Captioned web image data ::
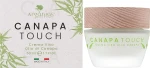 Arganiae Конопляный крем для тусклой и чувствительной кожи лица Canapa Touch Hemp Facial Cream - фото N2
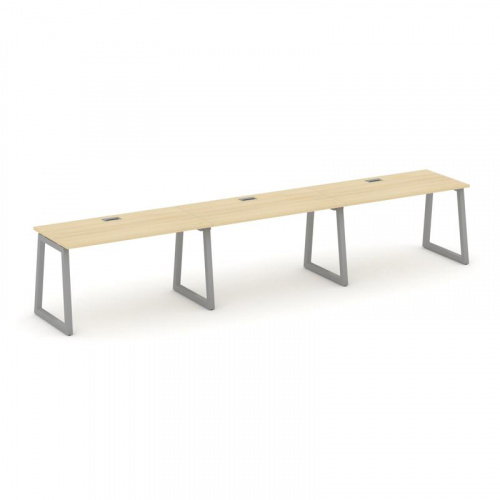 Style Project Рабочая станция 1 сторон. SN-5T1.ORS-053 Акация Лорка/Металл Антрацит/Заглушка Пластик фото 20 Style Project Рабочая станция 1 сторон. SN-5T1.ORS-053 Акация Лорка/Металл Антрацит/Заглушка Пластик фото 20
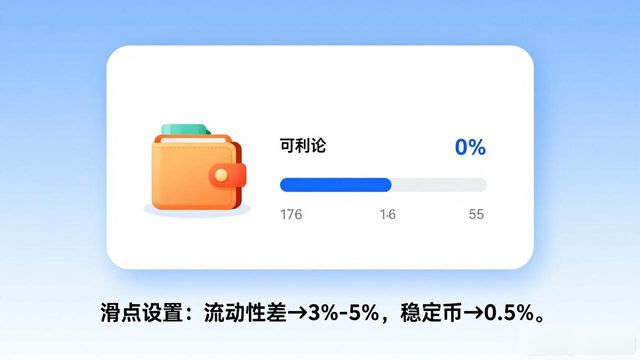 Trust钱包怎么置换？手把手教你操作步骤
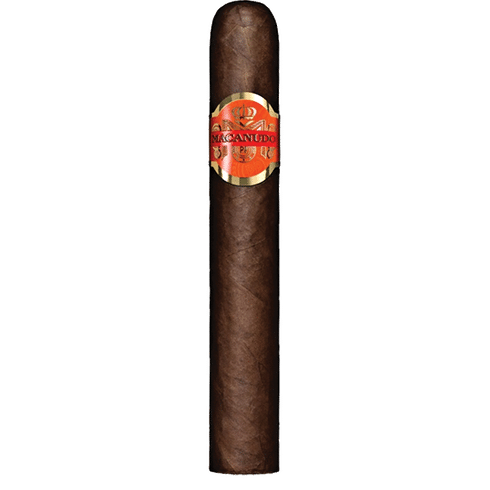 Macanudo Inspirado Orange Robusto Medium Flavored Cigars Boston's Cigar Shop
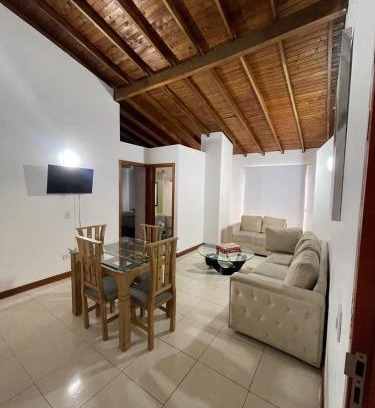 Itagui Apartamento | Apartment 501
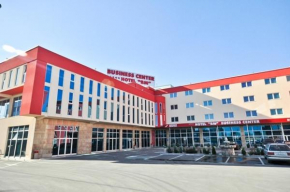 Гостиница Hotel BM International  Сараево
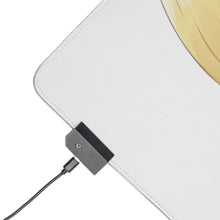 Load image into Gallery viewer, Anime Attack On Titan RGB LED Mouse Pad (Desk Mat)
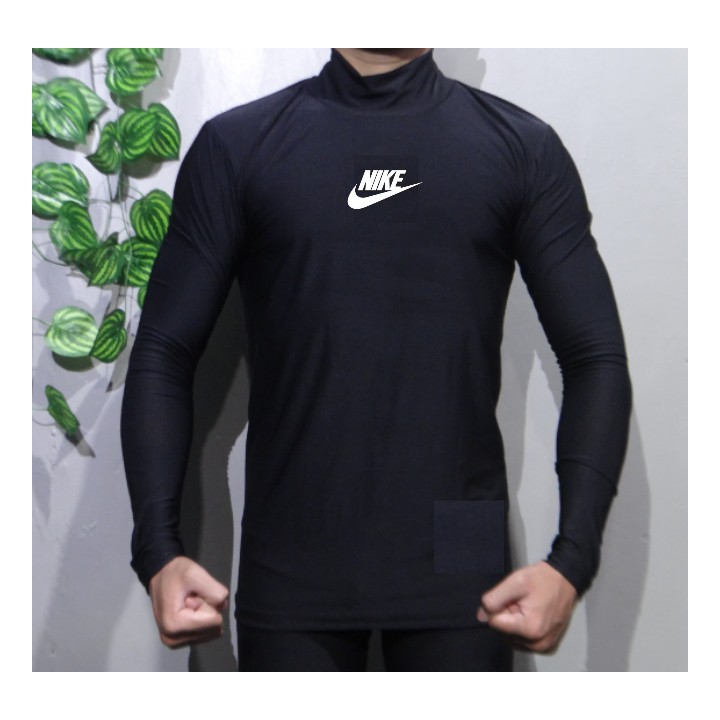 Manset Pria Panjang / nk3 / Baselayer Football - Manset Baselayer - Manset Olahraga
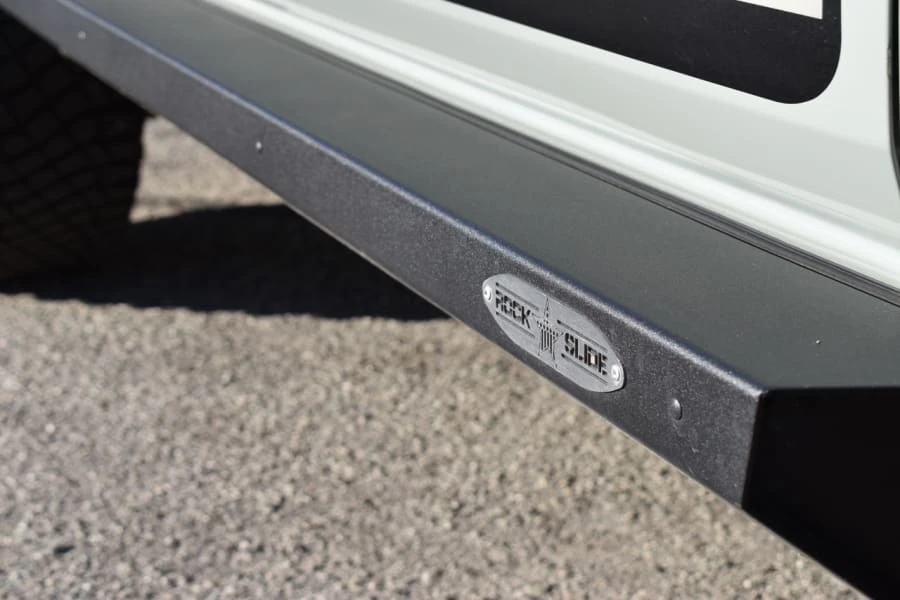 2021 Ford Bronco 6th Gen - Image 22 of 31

Assigned task :: Omit the pictures, then extract verbatim only those lines that fall between the line containing "Manset Pria Panjang" and the final line of the records above, both included.

Exercise response ::
 Manset Pria Panjang / nk3 / Baselayer Football - Manset Baselayer - Manset Olahraga
 2021 Ford Bronco 6th Gen - Image 22 of 31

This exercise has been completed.